Des jours passent et toujours plus de victimes. Dans les marchés, supermarchés, les transports et autres commerces, les usagers sont aux abois. Les plaintes viennent de partout. La contrefaçon des billets de banque donne du tournis. Chaque transaction financière s’avère risquée, surtout avec des billets de 10.000 francs CFA.
Nous sommes au centre-ville de Yaoundé, lieu-dit Avenue Kennedy, l’une des places les plus commerçantes de la capitale. C’est pourtant l’heure de pointe et Francine est en train de barricader son kiosque. La gérante d’un point de dépôt et de retrait d’argent via les opérateurs de téléphonie mobile est en larme. Sa dernière transaction lui coûte très chère. «Je viens de recevoir une femme ici qui est venue faire un dépôt de 300.000 FCFA avec des nouveaux billets. J’ai encaissé et je me rends compte que parmi ceux-ci, quatre billets de dix mille sont faux. Je suis dépassée. Je ne sais pas comment je vais faire avec mon patron, surtout que c’est la deuxième fois cette semaine que je me retrouve dans cette situation. Vous imaginez quarante mille francs de perte», confie d’une voix tremblante la dame visiblement âgée d’une trentaine d’années.
Sans voix, Samuel l’est aussi. Ce vendeur de fleurs positionné un peu plus loin, a eu sa journée d’activité sombre il y a quelques jours. Elle a été gâchée à cause d’un bouquet de fleurs vendu à un montant de 8000 FCFA, mais payé par un faux billet de 10.000 FCFA. Une perte sèche, car en plus de la fausse monnaie reçue, il a dû sortir 2000F de sa caisse pour rembourser son client.
Autres lieux, même situation au quartier Biyem-Assi dans le 6è arrondissement. Ici, c’est une scène plutôt tendue sur laquelle nous tombons. Un client d’un débit de boisson est séquestré. La caissière du bar vient de se faire duper. Par chance, elle a pu rattraper son bourreau. Le monsieur bien vêtu affirme pour sa part ne pas être l’auteur du forfait. Il s’en suit de longues heures d’échanges houleux. Et au moment de notre départ des lieux, la tension autour du faux billet de 10000 est à son paroxysme.

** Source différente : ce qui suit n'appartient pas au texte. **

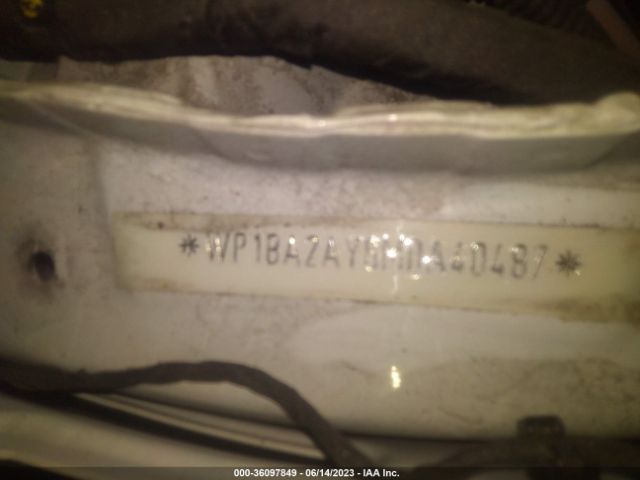 WP1BA2AY6MDA40487 Porsche Cayenne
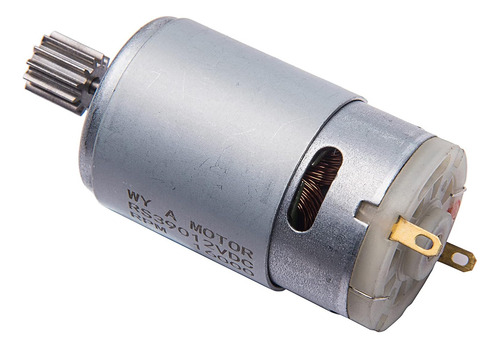 Weelye 390 18000 Rpm Motor Eléctrico Rs390 Accesorio De Moto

À Yaoundé, comme dans les autres villes du pays, la prolifération des billets de banque contrefaits atteint des proportions inquiétantes. Les victimes se comptent en millier selon une source policière dans un commissariat de la place au regard du nombre de plaintes reçus par jour. Elles restent confuses face à l’ampleur du phénomène. «L’affaire du faux billet là va trop vite. Les billets de 2000, 5000 et surtout 10.000 FCFA circulent beaucoup. Je me demande même pourquoi on a introduit cette nouvelle gamme, pourtant on nous avait dit que celle-ci était difficile à copier», s’insurge François, retraité.
La cote d’alerte
Elle est atteinte, la cote d’alerte, s’il y avait encore le lieu d’en douter. Interpellé sur le sujet des faux billets en circulation dans la nouvelle gamme de billets de banque injectée il y a à peine un an, Abbas Mahamat Tolli, gouverneur de la Banque des États de l’Afrique Centrale (Beac), avait reconnu la situation. «J’invite les usagers à faire très attention chaque fois qu’ils font des transactions, et de s’assurer que les billets qu’ils reçoivent sont vrais», a-t-il indiqué, au sortir de la troisième session du Comité de politique monétaire (CPM) de la Banque centrale des États de la Cemac, tenue à Douala le 25 septembre dernier.
En début du mois de septembre 2023, près de 30 millions de FCFA en fausses coupures ont été saisis entre les mains de malfrats dans la ville de Souza dans le Littoral. De nouvelles coupures de 10.000, 5000, et 2000 FCFA qui s’apprêtaient à être mis en circulation via des achats de marchandises auprès des revendeuses.
Rappel
Au moment de sa mise en circulation en décembre 2022, la nouvelle gamme de billets avait été présentée comme hautement sécurisé. Notamment une dizaine d’indices de sécurité présents sur chaque billet pouvant permettre à chaque citoyen de la zone Cemac de déceler le vrai du faux. L’on note par exemple, la présence des lignes tactiles variant d’une à cinq et facilement palpables au toucher en fonction du billet que l’on possède. Elles ont aussi la particularité d’être identifiables même par des malvoyants.
Selon la Beac, cette nouvelle gamme de billet est donc plus compacte, plus moderne et donc mieux sécurisée. Des assurances aujourd’hui contredites soit par des contrebandiers ingénieux ou encore par des complicités internes comme le murmure une certaine partie de l’opinion.